• _What to produce_
Repeat nothing but the line that contains "wholesale Baking cup" and the lines after it, through the end of the listing, exactly as they stand; omit pictures.

• _Records for the task_

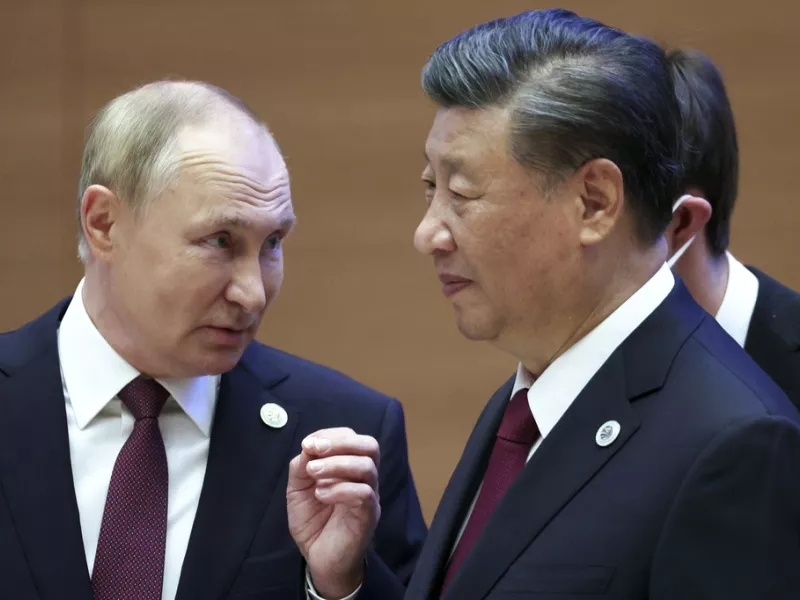 Putin  Xi Jinping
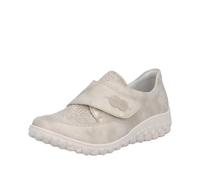 Rieker Ciabatte Donna 59552, Beige, 39 EU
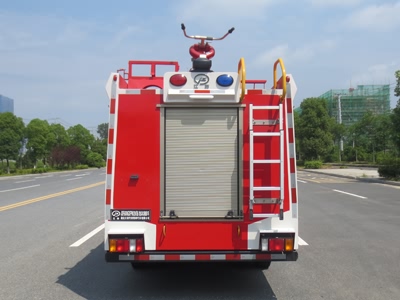 泡沫消防车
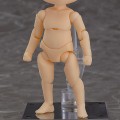 粘土娃 archetype 1.1：男孩（almond milk）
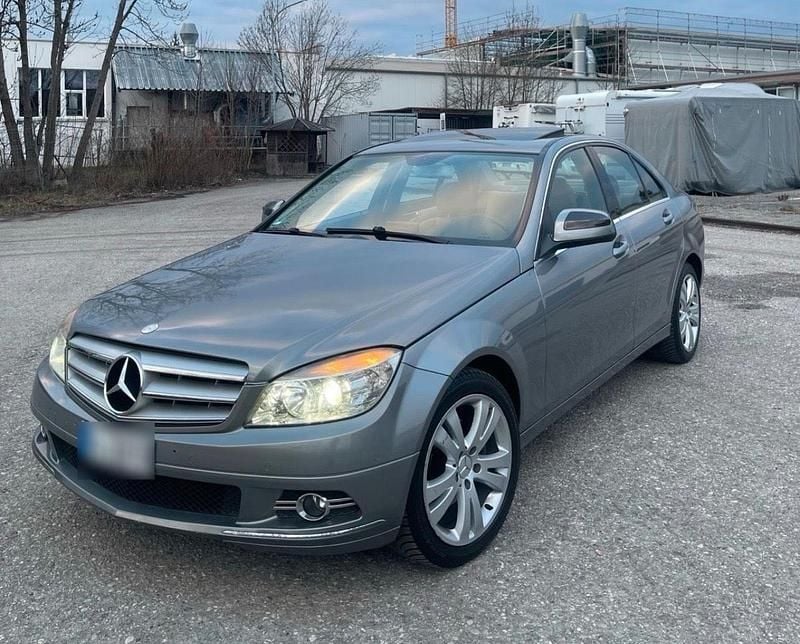 Gebraucht Mercedes C230 204 PS (150 kW) 2007 Grau Limousine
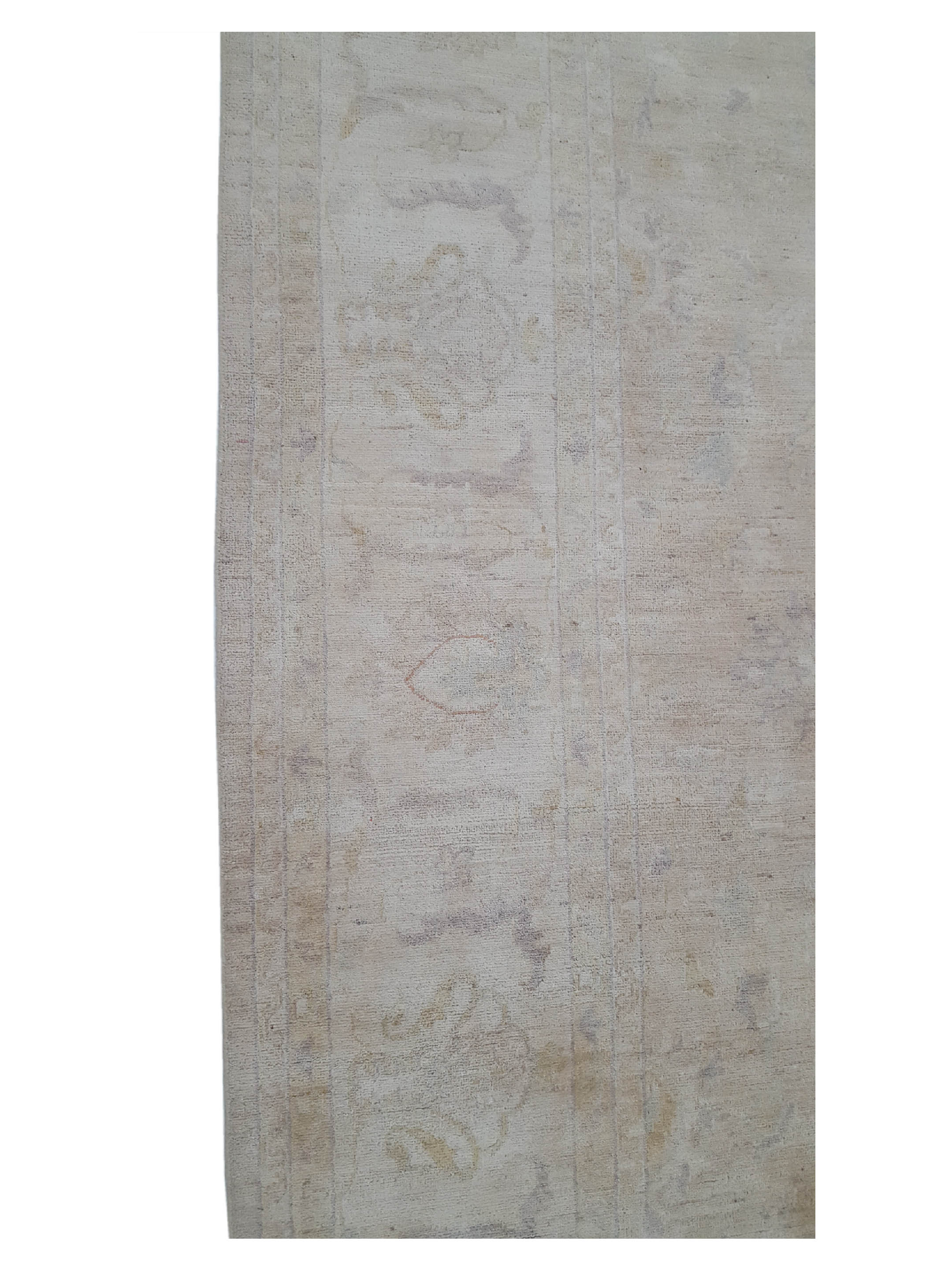 Ziegler Hand Knotted Beige 10x14 - Image 4 of 5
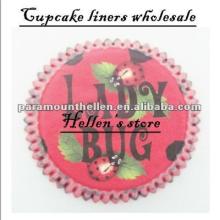 wholesale Baking cup cupcake liners cake decorations for wedding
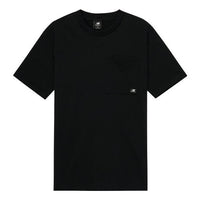 New Balance Essentials Pocket Fleece T-shirt 'Black' MT31542-BK
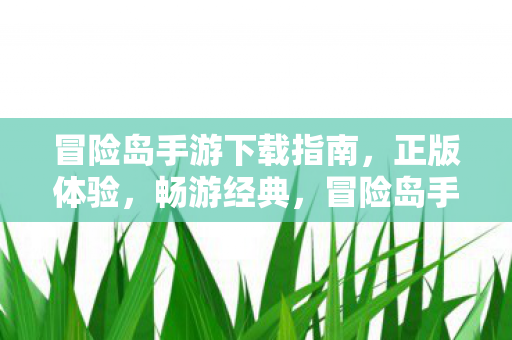 冒险岛手游下载指南图片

• _Worked solution_
 wholesale Baking cup cupcake liners cake decorations for wedding
 New Balance Essentials Pocket Fleece T-shirt 'Black' MT31542-BK
 冒险岛手游下载指南图片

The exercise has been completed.